■ **What is required**: Exact copies of the lines below are the goal; any images in them are dropped.

■ **Provided records**:
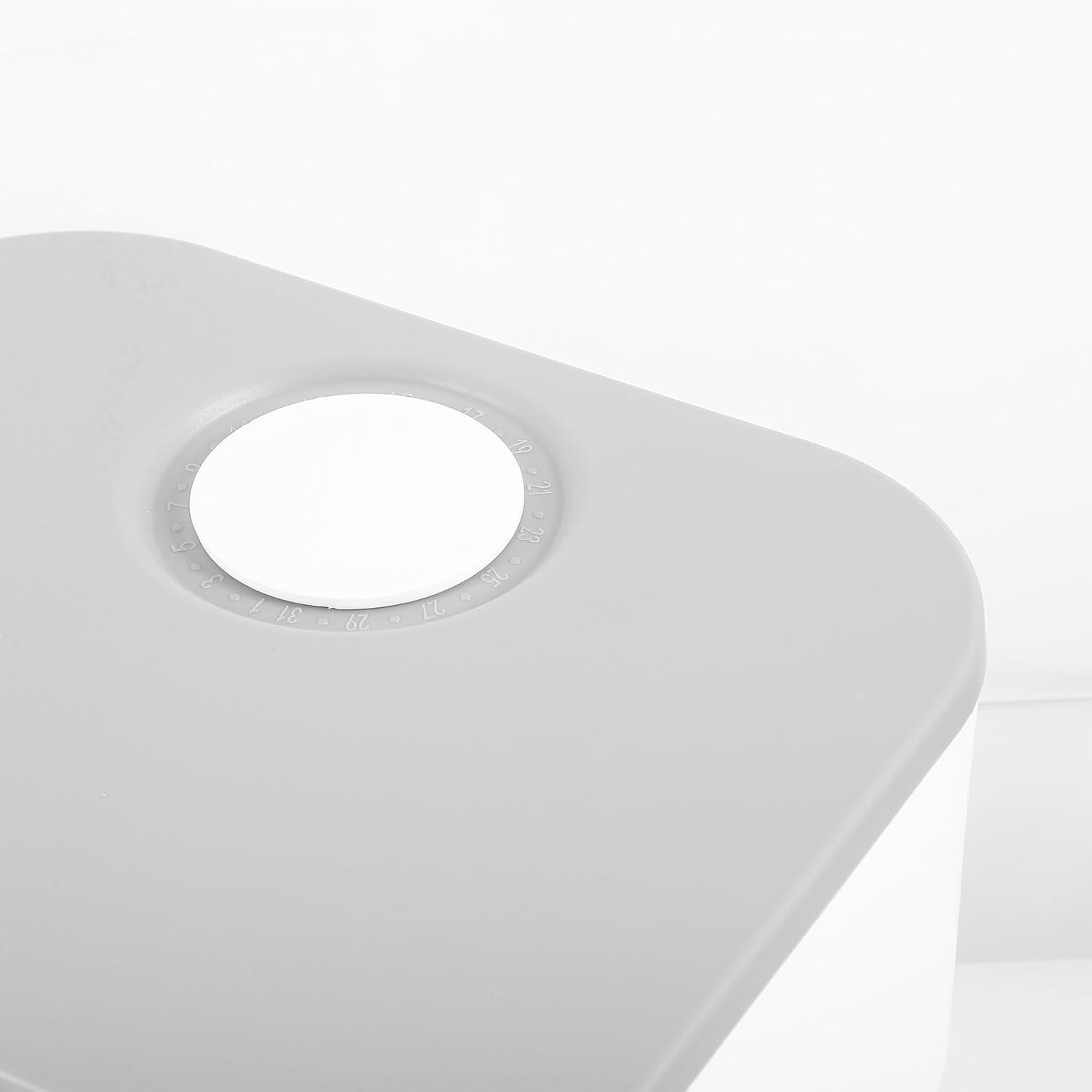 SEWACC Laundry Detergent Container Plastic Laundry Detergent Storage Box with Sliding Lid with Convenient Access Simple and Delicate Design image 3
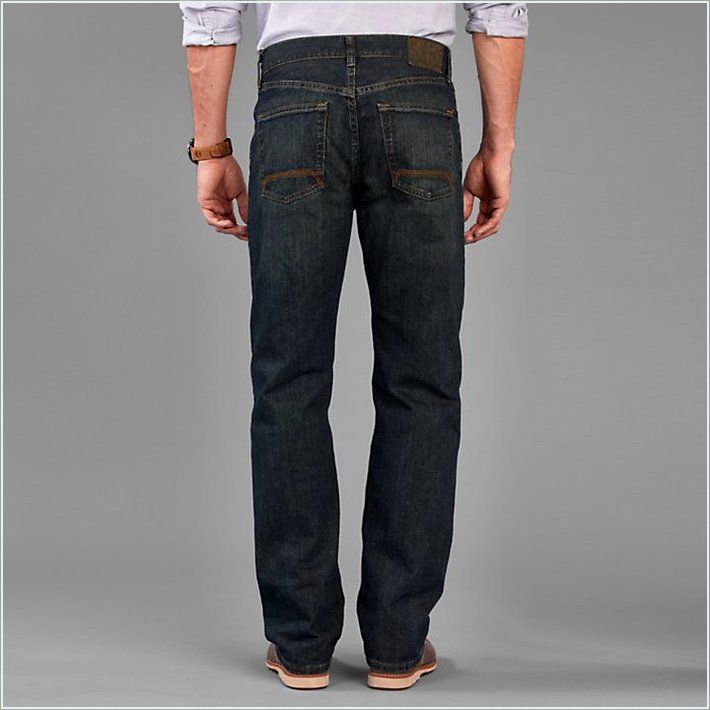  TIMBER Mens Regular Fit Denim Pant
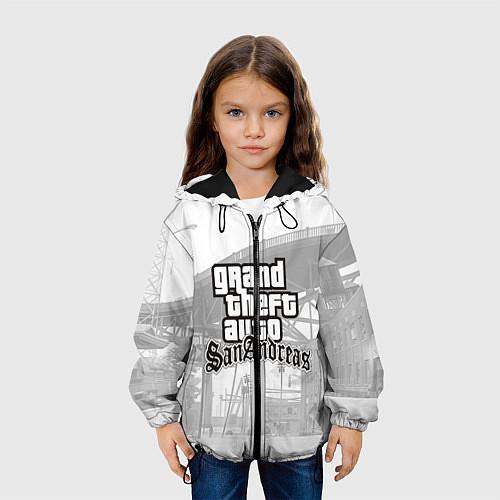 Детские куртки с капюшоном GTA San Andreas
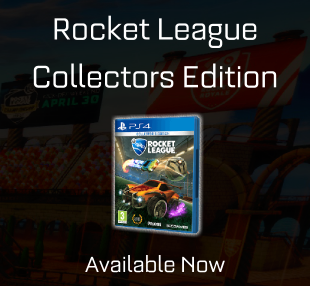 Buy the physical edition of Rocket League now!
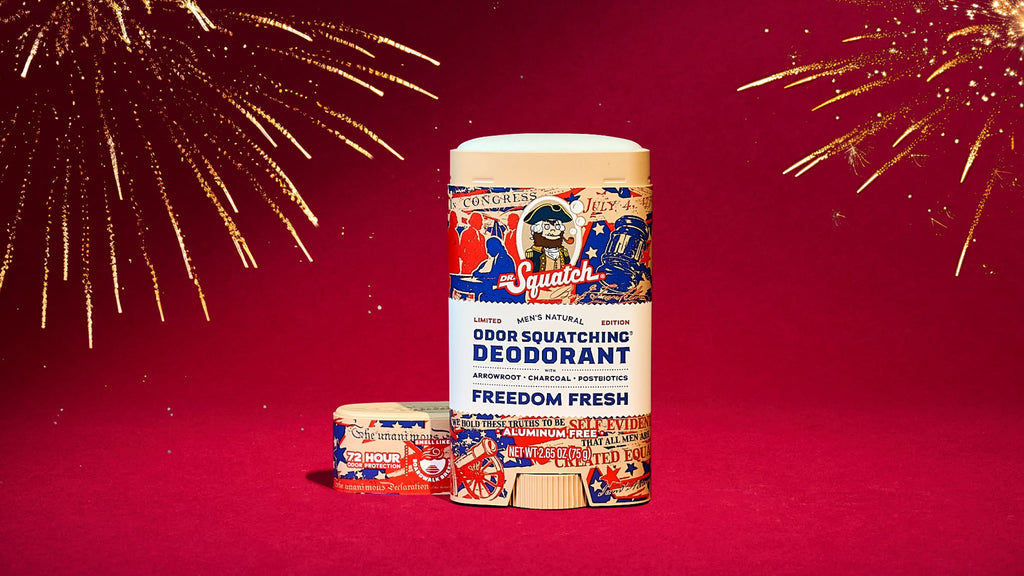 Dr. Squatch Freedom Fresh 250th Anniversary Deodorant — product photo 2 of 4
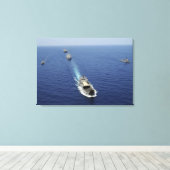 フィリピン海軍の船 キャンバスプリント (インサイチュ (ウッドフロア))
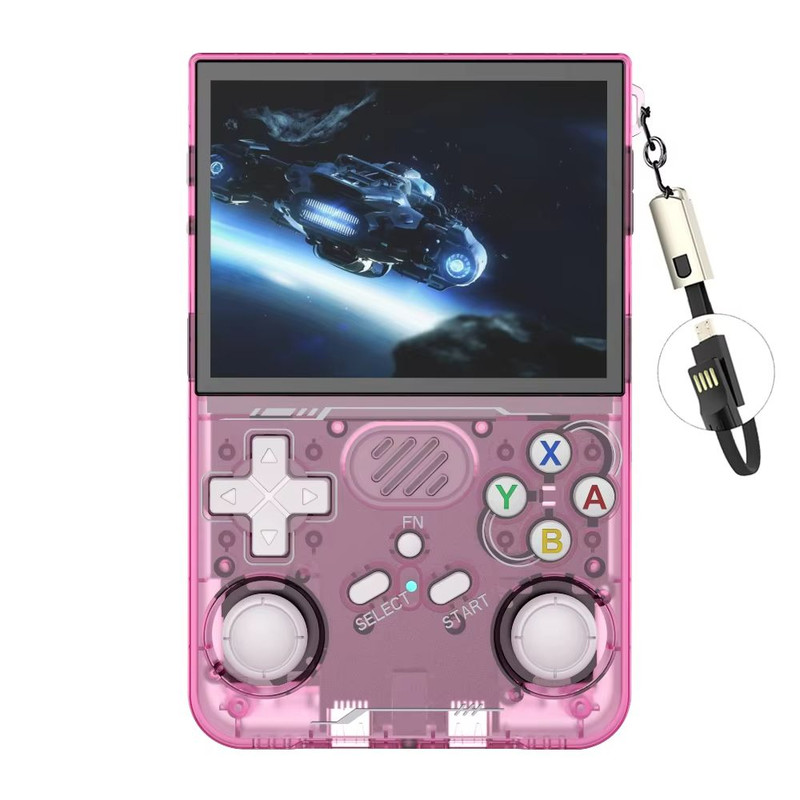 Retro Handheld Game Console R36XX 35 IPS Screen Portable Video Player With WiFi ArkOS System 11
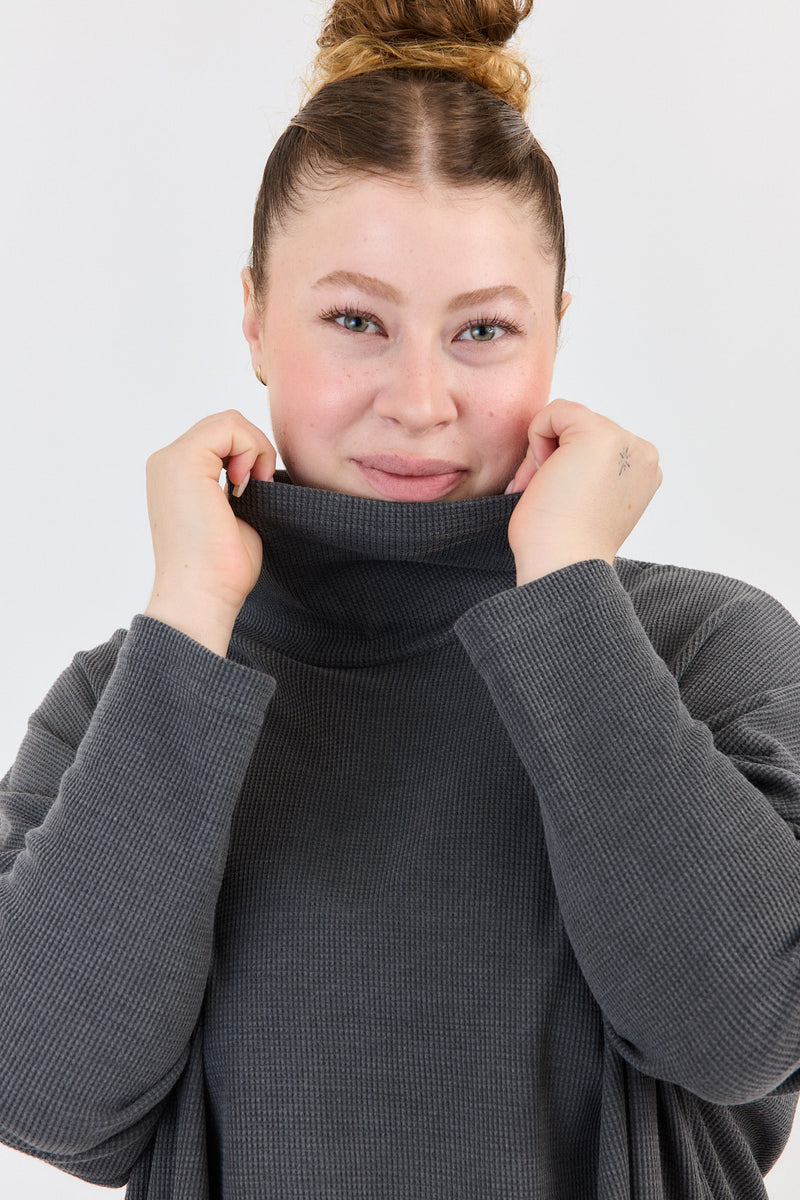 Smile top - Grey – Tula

■ **Output below**:
 SEWACC Laundry Detergent Container Plastic Laundry Detergent Storage Box with Sliding Lid with Convenient Access Simple and Delicate Design image 3
  TIMBER Mens Regular Fit Denim Pant
 Детские куртки с капюшоном GTA San Andreas
 Buy the physical edition of Rocket League now!
 Dr. Squatch Freedom Fresh 250th Anniversary Deodorant — product photo 2 of 4
 フィリピン海軍の船 キャンバスプリント (インサイチュ (ウッドフロア))
 Retro Handheld Game Console R36XX 35 IPS Screen Portable Video Player With WiFi ArkOS System 11
 Smile top - Grey – Tula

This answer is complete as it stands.